Tightly hugging their
When Sri Lankan diplomats retire at the end of their overseas missions, one of the first things they are expected to do is turn in their diplomatic passports, along with the passports of all their family members. But one particular diplomat and his entire family continue to cling to their privileged passports, even though the career diplomat retired from service more than a year ago. The diplomat concerned now holds another government job, but one that certainly does not carry with it the diplomatic privileges of the foreign service.
When the roof falls in
Recently, the Foreign Boss appointed a new face as Protocol Boss at the Foreign Office. After a lacklustre performance and a couple of faux pas at certain top-level engagements, the man, nicknamed “Big Roof”, gets the instant chop from the Big Boss.

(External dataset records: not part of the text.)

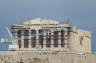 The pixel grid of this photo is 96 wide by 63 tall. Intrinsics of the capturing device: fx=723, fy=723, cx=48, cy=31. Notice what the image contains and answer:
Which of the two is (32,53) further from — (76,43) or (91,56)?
(76,43)

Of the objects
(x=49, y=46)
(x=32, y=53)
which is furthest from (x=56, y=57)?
(x=49, y=46)

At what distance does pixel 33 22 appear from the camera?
122 meters

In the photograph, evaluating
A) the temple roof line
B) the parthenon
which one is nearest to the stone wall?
the parthenon

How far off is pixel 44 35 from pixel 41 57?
14128 mm

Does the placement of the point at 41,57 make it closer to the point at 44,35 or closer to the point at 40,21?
the point at 44,35

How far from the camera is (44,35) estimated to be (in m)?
122

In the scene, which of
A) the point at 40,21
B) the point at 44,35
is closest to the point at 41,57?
the point at 44,35

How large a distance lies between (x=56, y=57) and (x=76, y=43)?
19267mm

The Foreign Boss, ordered to find a more suitable replacement, immediately promotes a Big Lady (who has just returned from the City Famous for Big Ben) to be the Big Chief. Not so fast, says Big Boss, and the order goes to appoint a returnee who had served under the Big Lady in the Land of the Queen. We guess that Two is better than One. Meanwhile, Big Roof has fallen into a section aptly named “CONS”.
Neither here nor there
Popular tuition master Upul Shantha Sannasgala was in the news last week when it was reported that he may soon be entering the world of high-level politics. When asked, during a radio interview, whether he would accept the UNP’s invitation to contest as the party’s chief ministerial candidate for Sabaragamuwa Province, he said: “I am neither accepting it nor rejecting it.” For someone whose job as a tutor is to explain matters and put things clearly, Mr. Sannasgala’s reply is curiously ambiguous.
Figure this out
Minister Mahindananda Aluthgamage has a way with facts and figures. Speaking at a recent public rally, he said America had a Cabinet of just 14 members and that the country’s economy was in a far worse state than the Sri Lankan economy. One reason for the comparative success of the local economy, he said, was that we had more than 100 Cabinet, non-Cabinet and Deputy Ministers. And to think that some of us felt that that 100-plus army of extra well-paid public officers was the very reason for this country’s economic woes.
Start on a minor note
The President recently appointed a Cabinet sub committee to look into the grievances of media personnel, in the wake of escalating attacks on journalists. The first person to go before the committee with a complaint was a Lake House employee who moaned that his contract had not been extended.
Better late than never
A certain retired military personage speaking from opposition podiums who was fiercely critical of the war has suddenly gone silent. We thought that he too had had his fill of the Green Leader, but now a little bird tells us that he has gone silent since he was given a promotion that he felt he should have got a long time back. So better a Colonel late than a Colonel never. Mahinda Mama sure knows how to make folk happy.
Fax, fox and sour grapes
A scurrilous fax is doing the rounds alleging a sell-out of all flying rights of grounded budget carrier Mihin Lanka to a Malaysian firm by Minister of Aviation Chamal Rajapaksa and his acolytes for an under-the-table deal worth US$2.5 million. This can only be a case of sour grapes in some quarters. The big question is how does one sell off exclusive landing rights just like that? Besides, who on earth would want to invest in an airline so crushed under a mountain of debt, a mountain that keeps growing through bad management, even though the man blamed for much of the airline’s woes is now out of the picture?
Grounded whiz kid
on a new high
Quite forgetting the Shahrukh Khan-led Bollywood extravaganza in Colombo that ended in tragedy when someone lobbed a grenade into the crowd watching the December 2004 concert, a failed “whiz kid” is said to be busy trying to stage a similar star-studded event here to coincide with the forthcoming SAARC summit. Since coming down to earth with a thud after a certain high flying venture (or adventure), this person is said to be now looking for fresh ventures, also at the poor tax payers’ expense.